Williams complained to the council that his pay was one of the reasons why he left the fund after a six-year stint in the early 1990s.

“In the six years I was here in the 1990s, I had one raise and, to be honest with you, that was one of the reasons why I wasn’t here for 12 years,” he told the committee.

Williams says the current arrangements in which the trustees decide on pay of executive staff put them in a “tough spot”.

The pay of executives at the SBA has been the focus of politicians in the state’s legislature, which has been particularly vocal during periods when the funds managed have lost money.
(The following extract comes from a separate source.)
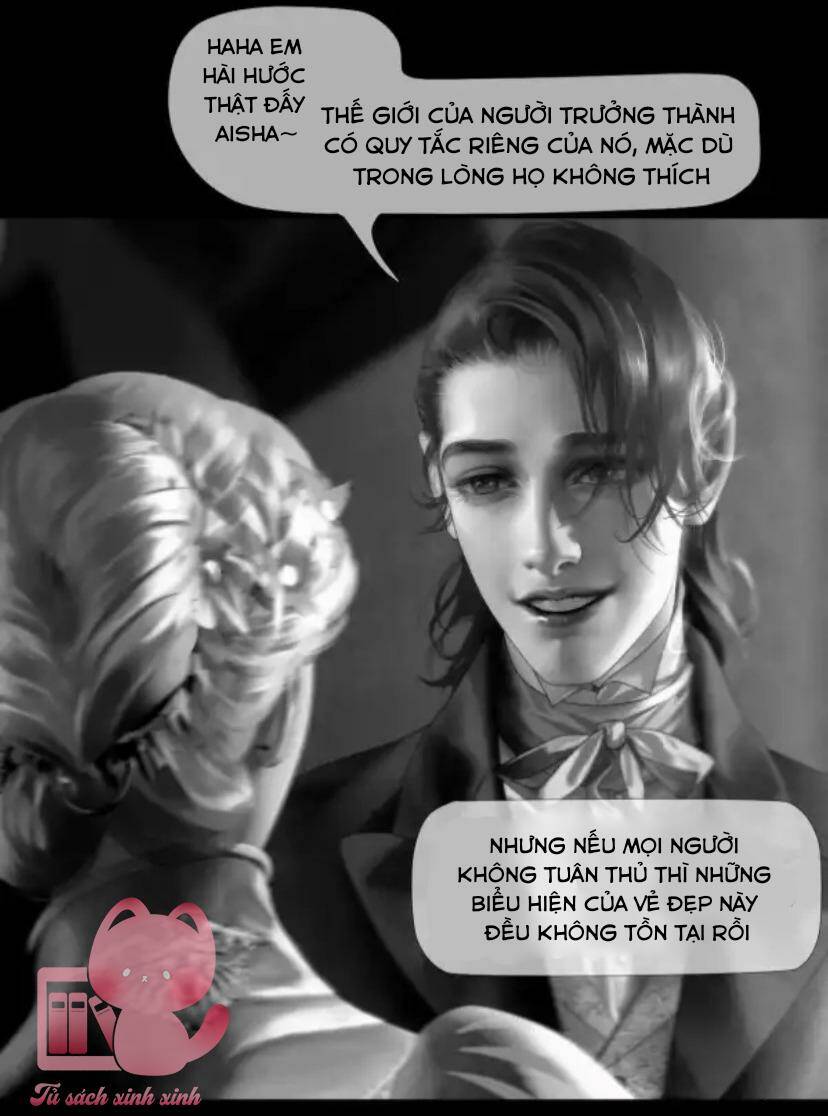 Aisha - Chap 45 - Trang 34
The State Board of Administration’s most recent operating budget reported that the fund spent about $18.3 million on staff salaries and benefits.

 

Managing potential conflicts
The Mercer review will examine the compensation of about 100 staff.

The consultancy will look at comparative pay rates in similar public and private sector organisations as well as whether pay and incentives align with the objectives of the SBA and its stakeholders.

Members of the IAC stressed the need for the 9-person council to take an active oversight role in the review, noting that it should be at arm’s length from staff.

Mercer already acts as a consultant on manager selection and oversight in public markets for the SBA and also recently conducted a review of the effectiveness of the fund’s foreign-exchange-trading processes

While Mercer has conducted similar compensation reviews at the Georgia Division of Investment Services and CalPERS, IAC chair David Grain said the council was looking for a tailored outcome.

“I don’t think one size fits all, the fact that they were successful and had good references from CalPERS and Georgia doesn’t mean that we want the same product that was produced for them,” Grain said.

“Ours is going to end up being unique in my view.”

In its review of compensation at CalPERS, Mercer recommended a simplified system of incentives for investment staff that would increase transparency.

The SBA reports that it last updated its pay grades and ranges in 2006. In 2009, the SBA engaged consultancy McLagan Partners to conduct a review of salary and compensation levels across the organisation.

The New York-based consultant found that the average salary of SBA investment staff was 40 per cent below that of staff at other comparable state pension funds.

In a request-for-quote document sent to potential candidates for the compensation review, the SBA details that “a modest incentive program for certain investment staff has been in place for much of the last decade, but payouts under the program have not been budgeted for several years”.